In some examples, as shown in FIG. 4I, when the updated placement location is synchronized across the electronic devices 101a/101b/101c, the display of the virtual object 430 is updated in the shared three-dimensional environment. For example, as shown in FIG. 4I, the first electronic device 101a moves the virtual object 430 away from the viewpoint of the first electronic device 101a in the three-dimensional environment 450A (e.g., and toward the third user 406 relative to the viewpoint of the first electronic device 101a) and the second electronic device 101b moves the virtual object 430 leftward in the three-dimensional environment 450B relative to the viewpoint of the second electronic device 101b based on the movement input detected by the first electronic device 101a.
Attention is now directed toward alternative or additional examples of facilitating determination of a local shared origin in a physical environment according to which shared content is displayed in a three-dimensional environment within a multi-user communication session that includes collocated users.
FIGS. 5A-5C illustrate examples of determining a local shared origin in a physical environment according to which shared content is displayed in a three-dimensional environment within a multi-user communication session according to some examples of the disclosure. In some examples, the multi-user communication session includes a first user 502 of a first electronic device 101a, a second user 504 of a second electronic device 101b, and a third user 506 of a third electronic device 101c. In some examples, the first user 502, the second user 504, and the third user 506 correspond to first user 402, second user 404, and third user 406, respectively, of FIGS. 4A-4I above. In some examples, as similarly described above, the first user 502 (e.g., and the first electronic device 101a), the second user 504 (e.g., and the second electronic device 101b), and the third user 506 (e.g., and the third electronic device 101c) are collocated in physical environment 500.
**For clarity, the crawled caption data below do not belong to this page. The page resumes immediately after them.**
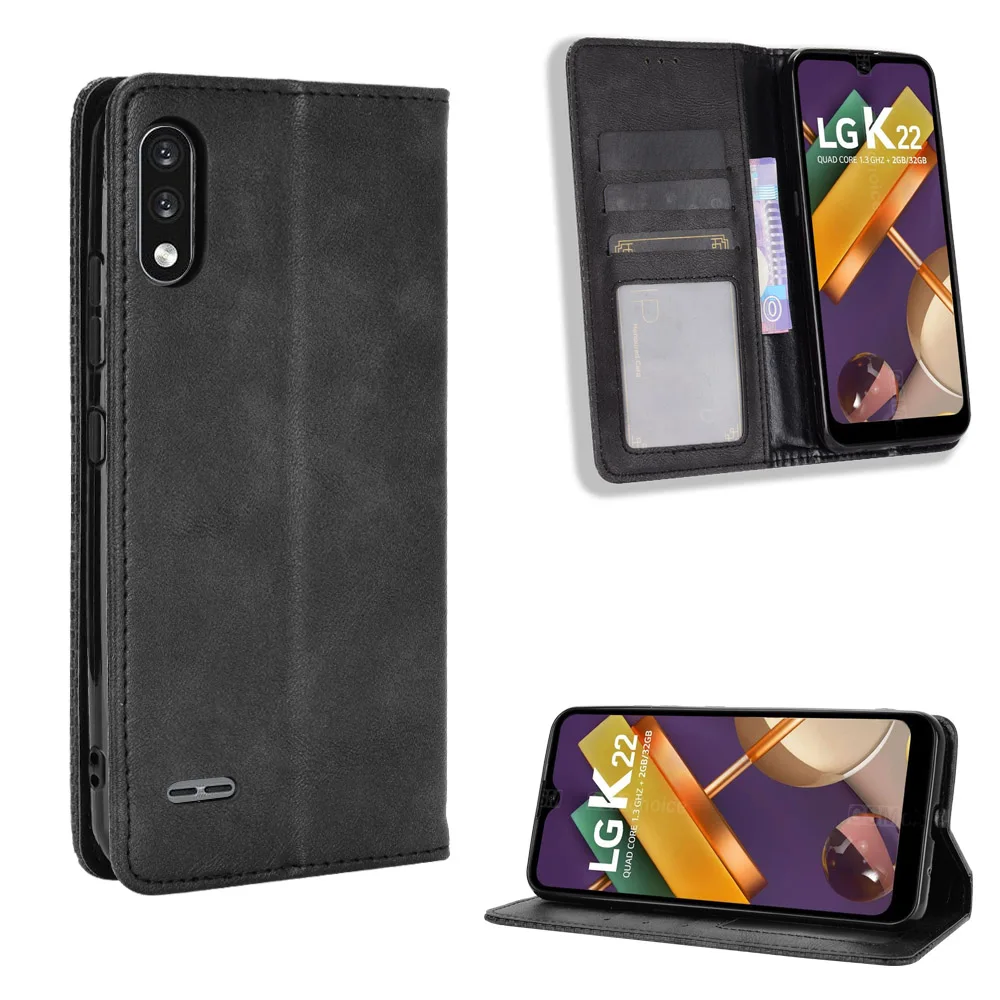 Custodia Portafoglio In Pelle Per LG K22 Plus | Con Slot Carte E Supporto | Flip Magnetica, Blu - 3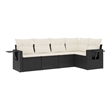 Afuera Living Contemporary 5 Piece Poly Rattan Large Sofa Set in Black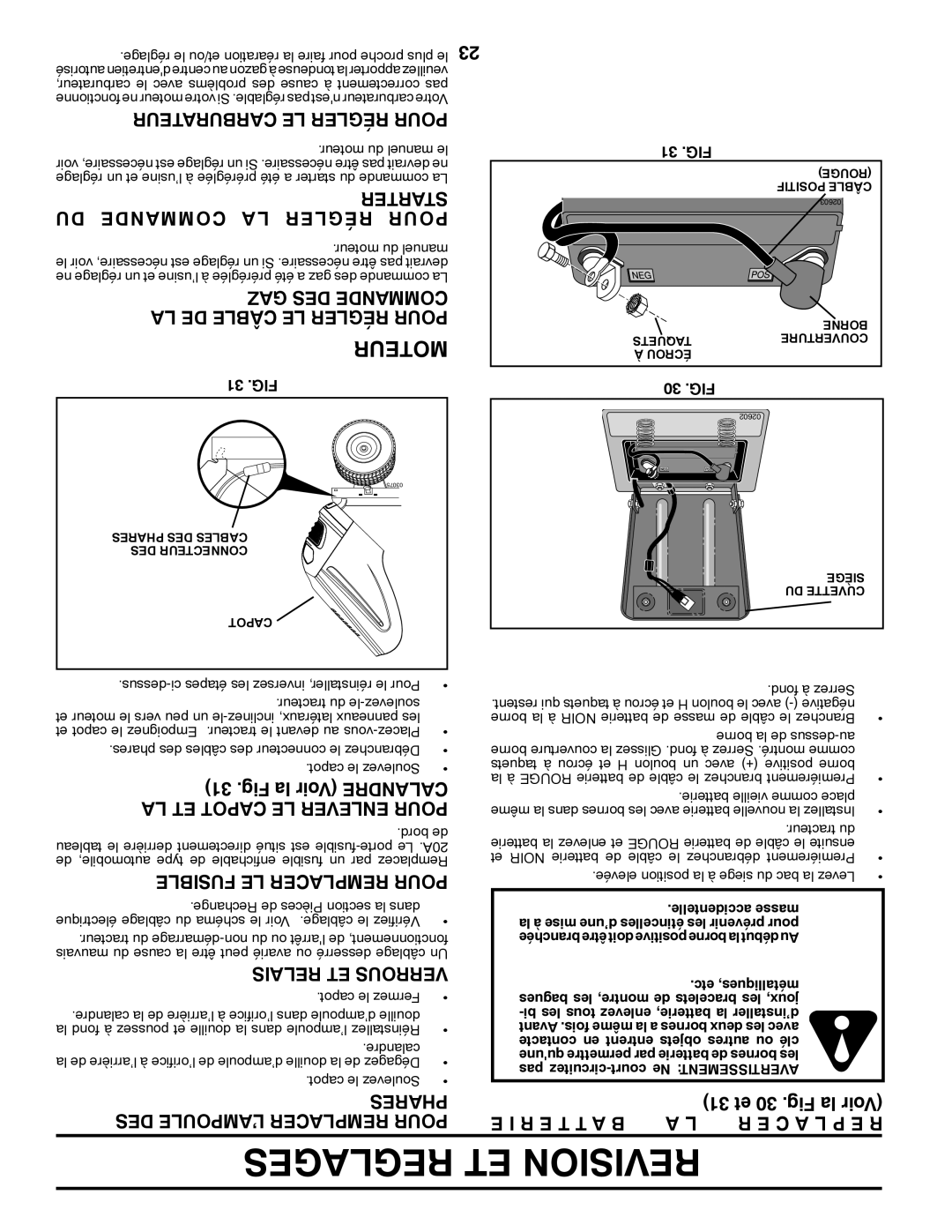 Poulan CO20H46YT Reglages ET Revision, Carburateur LE Régler Pour, Starter DU Commande LA Régler Pour, GAZ DES Commande 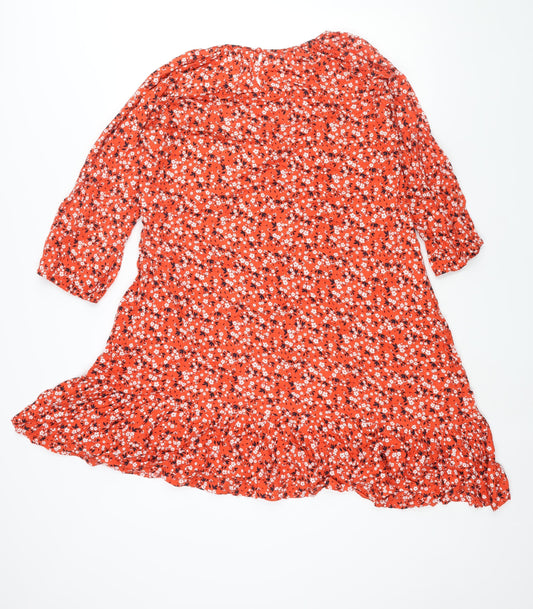 Klass Womens Red Floral Viscose A-Line Size 12 Round Neck Button - Smocked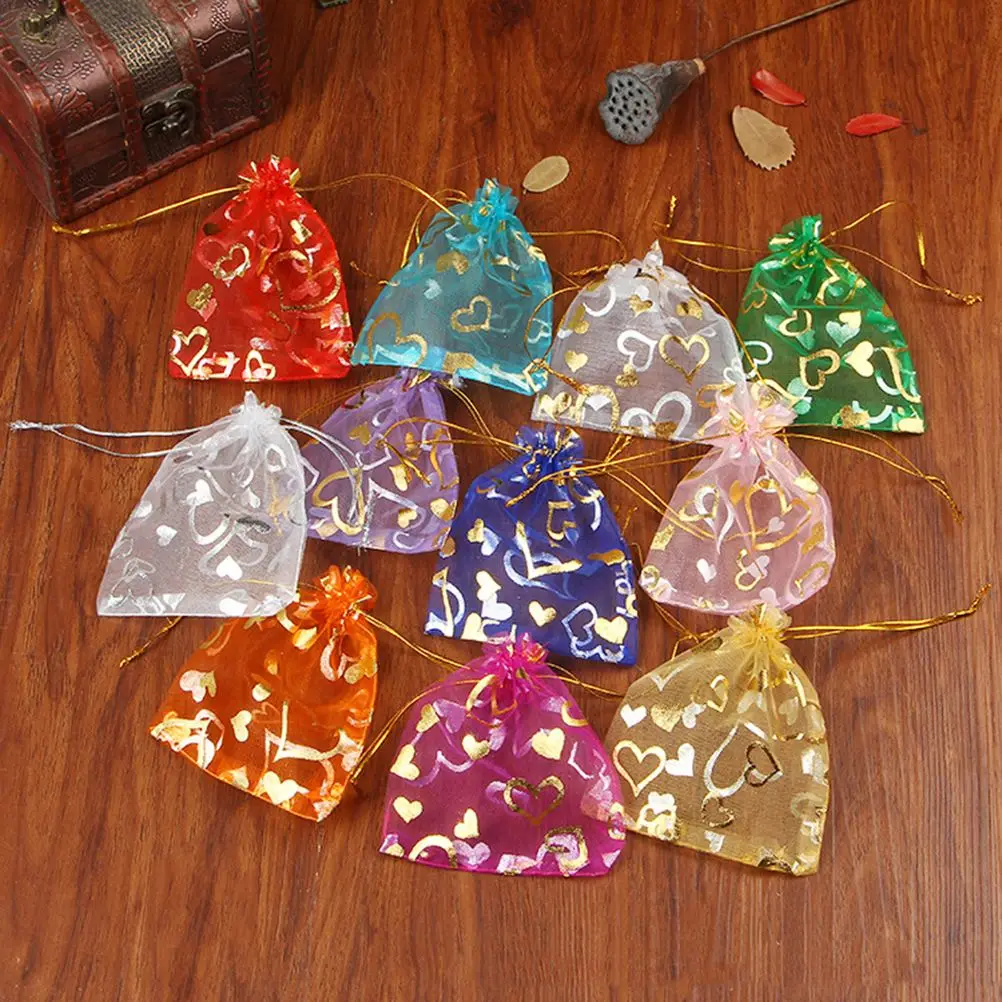 Подарочные сумки из органзы с узором в виде сердца подарочные на шнурке для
As shown in FIG. 5A, the first electronic device 101a is presenting (e.g., via display 120a) three-dimensional environment 550A. In FIG. 5A, as similarly discussed above, the three-dimensional environment 550A includes representations (e.g., passthrough representations or computer-generated representations) of the physical environment 500 in which the first electronic device 101a, the second electronic device 101b, and the third electronic device 101c are located, but from the viewpoint of the first electronic device 101a in the physical environment 500. For example, as shown in FIG. 5A, the three-dimensional environment 550A presented using the first electronic device 101a includes representations of the walls, floor, and/or ceiling of the physical environment 500 from the unique viewpoint of the first electronic device 101a. Additionally, in some examples, as similarly discussed above, the three-dimensional environment 550A includes representations (e.g., passthrough representations or computer-generated representations) of the second user 504 (e.g., and the second electronic device 101b) and the third user 506 (e.g., and the third electronic device 101c) that are visible in the field of view of the first electronic device 101a in the physical environment 500. For example, because the second user 504 and the third user 506 are collocated with the first user 502 in the physical environment 500, the second user 504 and the third user 506 that are visible in the field of view of the first electronic device 101a are represented by their physical bodies in the three-dimensional environment 550A within the multi-user communication session (e.g., rather than via virtual representations, such as avatars). In some examples, the three-dimensional environment 550A has one or more characteristics of three-dimensional environment 450A discussed above.
Additionally, in some examples, shown in FIG. 5A, the second electronic device 101b is presenting (e.g., via display 120b) three-dimensional environment 550B. In FIG. 5A, as similarly discussed above, the three-dimensional environment 550B includes representations (e.g., passthrough representations or computer-generated representations) of the physical environment 500 in which the first electronic device 101a, the second electronic device 101b, and the third electronic device 101c are located, but from the viewpoint of the second electronic device 101b in the physical environment 500. For example, as shown in FIG. 5A, the three-dimensional environment 550B presented using the second electronic device 101b includes representations of the walls, floor, and/or ceiling of the physical environment 500 from the unique viewpoint of the second electronic device 101b. Additionally, in some examples, as similarly discussed above, the three-dimensional environment 550B includes representations (e.g., passthrough representations or computer-generated representations) of the first user 502 (e.g., and the first electronic device 101a) and the third user 506 (e.g., and the third electronic device 101c) that are visible in the field of view of the second electronic device 101b in the physical environment 500. For example, because the first user 502 and the third user 506 are collocated with the second user 504 in the physical environment 500, the first user 502 and the third user 506 that are visible in the field of view of the second electronic device 101b are represented by their physical bodies in the three-dimensional environment 550B within the multi-user communication session (e.g., rather than via virtual representations, such as avatars). In some examples, the three-dimensional environment 550B has one or more characteristics of three-dimensional environment 450B discussed above.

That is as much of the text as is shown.